Step 3: Evaluate the exponent modulo $\phi(40)=16$ .

We need to find the value of the exponent $43^{43}$ modulo 16. Let $E = 43^{43}$ . We need to find $E \pmod{16}$ .

Step 4: Simplify the base of the exponent modulo 16.

$43 \equiv 11 \pmod{16}$ . So, $43^{43} \equiv 11^{43} \pmod{16}$ .

Step 5: Apply Euler's totient theorem for the modulus 16.

The modulus is $m=16$ . The base is $b=11$ . Since $\gcd(11, 16) = 1$ , we can use Euler's theorem. First, calculate $\phi(16)$ . The prime factorization of 16 is $2^4$ . $\phi(16) = 2^4 - 2^3 = 16 - 8 = 8$ . By Euler's totient theorem, $11^8 \equiv 1 \pmod{16}$ .

Step 6: Evaluate the exponent of the exponent modulo $\phi(16)=8$ .

We need to find the value of the exponent 43 modulo 8. $43 = 5 \times 8 + 3$ . So, $43 \equiv 3 \pmod{8}$ .

Step 7: Use the result from Step 6 to simplify $11^{43} \pmod{16}$ .

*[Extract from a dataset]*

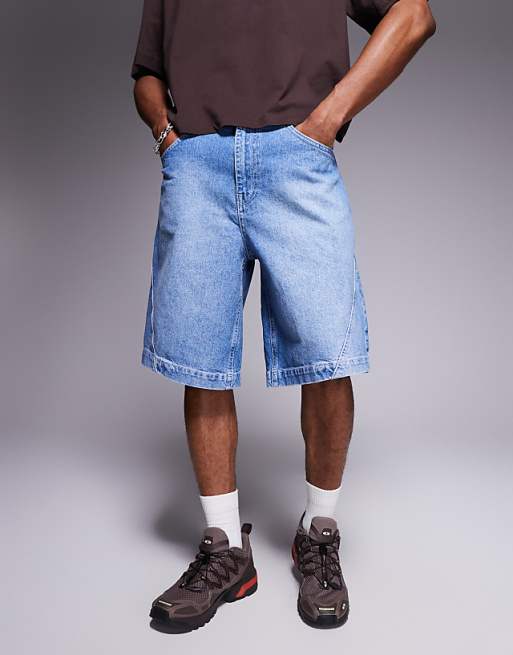 DESIGN long length denim jorts with twisted seam in light wash blue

Since $11^8 \equiv 1 \pmod{16}$ and $43 \equiv 3 \pmod{8}$ , we can write $43 = 8q + 3$ for some integer $q$ . $11^{43} = 11^{8q + 3} = (11^8)^q \times 11^3$ . $11^{43} \equiv (1)^q \times 11^3 \pmod{16}$ . $11^{43} \equiv 11^3 \pmod{16}$ .

Step 8: Calculate $11^3 \pmod{16}$ .

$11^1 \equiv 11 \pmod{16}$ . $11^2 = 121$ . Dividing 121 by 16 gives $121 = 7 \times 16 + 9$ . So, $11^2 \equiv 9 \pmod{16}$ . $11^3 = 11^2 \times 11 \equiv 9 \times 11 = 99 \pmod{16}$ . Dividing 99 by 16 gives $99 = 6 \times 16 + 3$ . So, $11^3 \equiv 3 \pmod{16}$ .

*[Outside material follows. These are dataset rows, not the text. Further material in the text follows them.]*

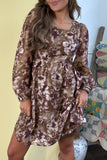 A woman wearing a brown floral long-sleeve mini dress with a square neckline and gathered waist, standing indoors next to a quilted chair.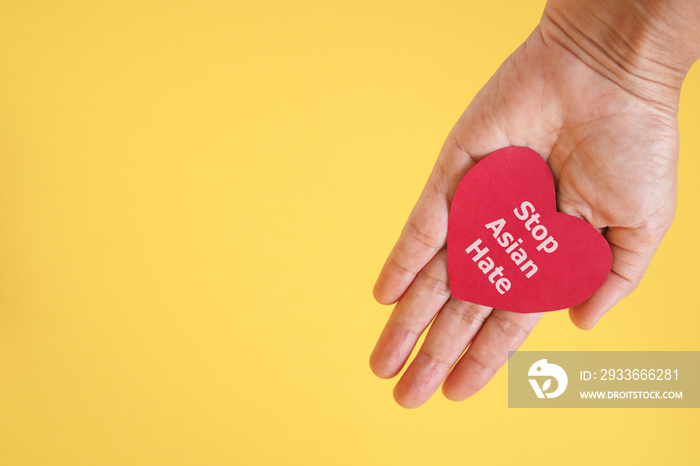 Stop Asian Hate , white message, on red heart paper in hand with yellow background and copy space , anti racist ,hate crimes against Asians concept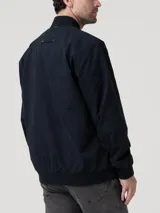 Chaqueta tipo bomber color azul marino, con cierre frontal completo, cuello, puños y pretina en rib. Cuenta con bolsillos laterales y forro interior de franela.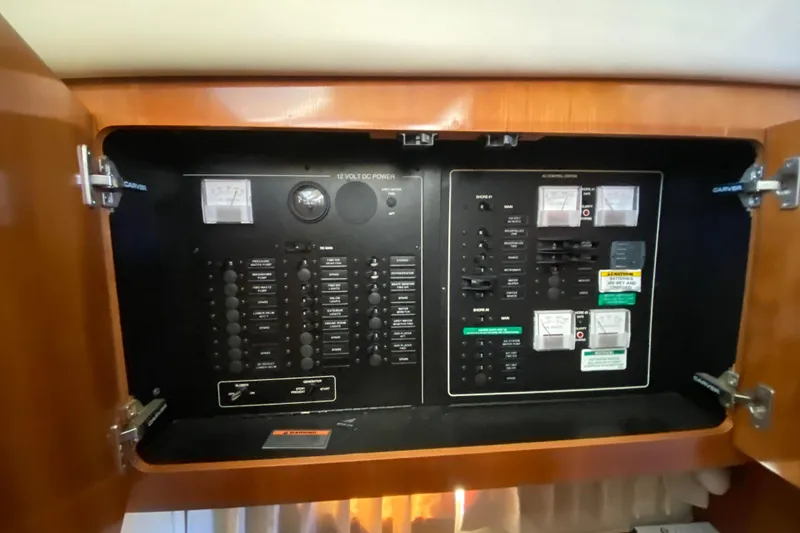 Slide: The Image of Electrical control panel of a 2005 Carver 38 Super Sport boat. - 25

Step 9: Conclude the value of the exponent modulo 16.

From Step 4 and Step 8, $E = 43^{43} \equiv 11^{43} \equiv 3 \pmod{16}$ . This means the exponent $43^{43}$ can be written in the form $16j + 3$ for some non-negative integer $j$ .

Step 10: Use the result from Step 9 to evaluate the original expression modulo 40.

We need to calculate $3^E \pmod{40}$ , where $E \equiv 3 \pmod{16}$ . Substituting $E = 16j + 3$ , we get $3^{16j + 3} \pmod{40}$ . $3^{16j + 3} = 3^{16j} \times 3^3 = (3^{16})^j \times 3^3$ . From Step 2, $3^{16} \equiv 1 \pmod{40}$ . So, $(3^{16})^j \equiv 1^j \equiv 1 \pmod{40}$ . Therefore, $3^E \equiv 1 \times 3^3 \pmod{40}$ . $3^E \equiv 27 \pmod{40}$ .

Step 11: State the final remainder.

The remainder when $43^{43^{43}}$ is divided by 40 is 27.